Mercati, dollaro: ecco cosa potrebbe riservare il futuro

Sin dal picco di metà settembre a circa 114, il Dollar Index è ancora in fase di deprezzamento. Calo dovuto in parte all’allentamento dell’inflazione statunitense che potrebbe portare a un rallentamento del ciclo di inasprimento monetario della Fed. Ma il dibattito non è ancora chiuso.

Esistono due schieramenti

Il primo ritiene che il dollaro abbia già raggiunto il suo picco in questo ciclo e continuerà a scendere verso quota 100, prevedendo al tempo stesso un rapido calo dell’inflazione negli Stati Uniti nei prossimi mesi, alleviando le tensioni del mercato. Il secondo, invece, ritiene che il deprezzamento sia soltanto una fase temporanea e che il Dollar Index possa tornare ad apprezzarsi se i rischi associati alla recessione globale si concretizzeranno.

Una visione condivisa anche da iBanFirst: “Siamo convinti di trovarci di fronte a un universo economico in cui il dollaro rimarrà forte per un lungo periodo e potrebbe superare quota 115. In base al tasso di cambio effettivo reale (che misura la valutazione di una valuta rispetto a un’altra), il dollaro USA è sopravvalutato del 34% rispetto all’euro, ad esempio. Si tratta di un massimo storico” ha spiegato Michele Sansone, Country Manager di iBanFirst in Italia.

I fattori determinanti alla base del Dollar Index attorno a quota 115

In termini assoluti, l’inflazione continua a preoccupare. È vero che negli Stati Uniti l’inflazione si sta attenuando rispetto al picco raggiunto lo scorso giugno, lo confermano sia l’indice dei prezzi al consumo (7,7% su base annua in ottobre) sia l’indice dei prezzi alla produzione (8% su base annua nello stesso periodo), ma il punto di partenza (intorno al 10%) non lascia tecnicamente altra scelta alla Fed se non quella di continuare a stringere la politica monetaria nei prossimi mesi (anche se la crescita dovesse rallentare) per tornare all’obiettivo esplicito del 4%.

Il deficit commerciale degli Stati Uniti è il motore di un dollaro forte (73,3 miliardi di dollari lo scorso settembre).
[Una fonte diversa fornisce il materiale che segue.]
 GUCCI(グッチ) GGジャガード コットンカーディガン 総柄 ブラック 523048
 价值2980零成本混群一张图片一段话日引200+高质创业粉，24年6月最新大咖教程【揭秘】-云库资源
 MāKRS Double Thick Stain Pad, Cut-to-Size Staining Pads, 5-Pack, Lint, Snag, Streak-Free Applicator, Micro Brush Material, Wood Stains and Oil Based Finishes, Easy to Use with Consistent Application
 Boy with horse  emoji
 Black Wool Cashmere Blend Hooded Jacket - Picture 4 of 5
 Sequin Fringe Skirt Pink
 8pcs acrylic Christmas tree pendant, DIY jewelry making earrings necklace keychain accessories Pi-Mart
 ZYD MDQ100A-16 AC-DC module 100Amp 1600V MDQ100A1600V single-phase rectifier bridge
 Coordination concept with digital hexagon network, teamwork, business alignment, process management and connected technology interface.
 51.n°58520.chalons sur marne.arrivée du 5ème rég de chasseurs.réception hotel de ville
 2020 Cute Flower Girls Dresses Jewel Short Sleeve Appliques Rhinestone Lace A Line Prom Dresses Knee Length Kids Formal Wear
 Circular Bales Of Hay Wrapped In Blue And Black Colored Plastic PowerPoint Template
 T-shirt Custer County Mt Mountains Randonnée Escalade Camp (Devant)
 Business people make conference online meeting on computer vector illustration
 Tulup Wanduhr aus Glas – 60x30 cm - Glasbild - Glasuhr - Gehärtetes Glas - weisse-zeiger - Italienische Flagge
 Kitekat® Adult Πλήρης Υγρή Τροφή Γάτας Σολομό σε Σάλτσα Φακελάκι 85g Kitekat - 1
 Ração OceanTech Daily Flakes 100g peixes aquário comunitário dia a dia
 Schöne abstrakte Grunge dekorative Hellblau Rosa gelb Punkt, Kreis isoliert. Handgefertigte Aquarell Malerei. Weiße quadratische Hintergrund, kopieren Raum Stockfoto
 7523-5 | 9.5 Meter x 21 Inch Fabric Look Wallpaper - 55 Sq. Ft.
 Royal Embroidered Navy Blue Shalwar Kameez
Gli americani distribuiscono un’enorme quantità di dollari per le loro importazioni (semiconduttori, prodotti farmaceutici ed elettronici, in particolare), e una parte di questi dollari viene riciclata sul mercato statunitense da stranieri in cerca di rendimento e sicurezza. Si tratta di un fenomeno che abbiamo già visto nei periodi di crisi passati e che si sta ripetendo.

Gli Stati Uniti sono meno penalizzati dalla crisi energetica: questo Paese sta soffrendo meno di molte altre economie sviluppate a causa della crisi energetica. Si tratta di uno sviluppo nuovo. Gli Stati Uniti hanno un proprio accesso al petrolio e alle risorse energetiche e, se necessario, possono prosciugare le riserve strategiche di petrolio per contenere l’impennata dei prezzi. Questo è ciò che la Casa Bianca ha fatto da settembre 2021 (per un totale di 212 milioni di barili rilasciati in quel periodo).

La ripresa dei casi di Covid in Cina rappresenta infine un’altra spiegazione dell’apprezzamento del dollaro per effetto domino. Se prima del Covid la Cina contribuiva alla crescita mondiale per circa il 30%, da allora il contributo è sceso al 10%. Ciò significa che, a differenza della crisi del 2007-08, questa volta il Paese non salverà l’economia mondiale. Inoltre, i periodi di turbolenza economica tendono ad essere sinonimo di dollaro forte.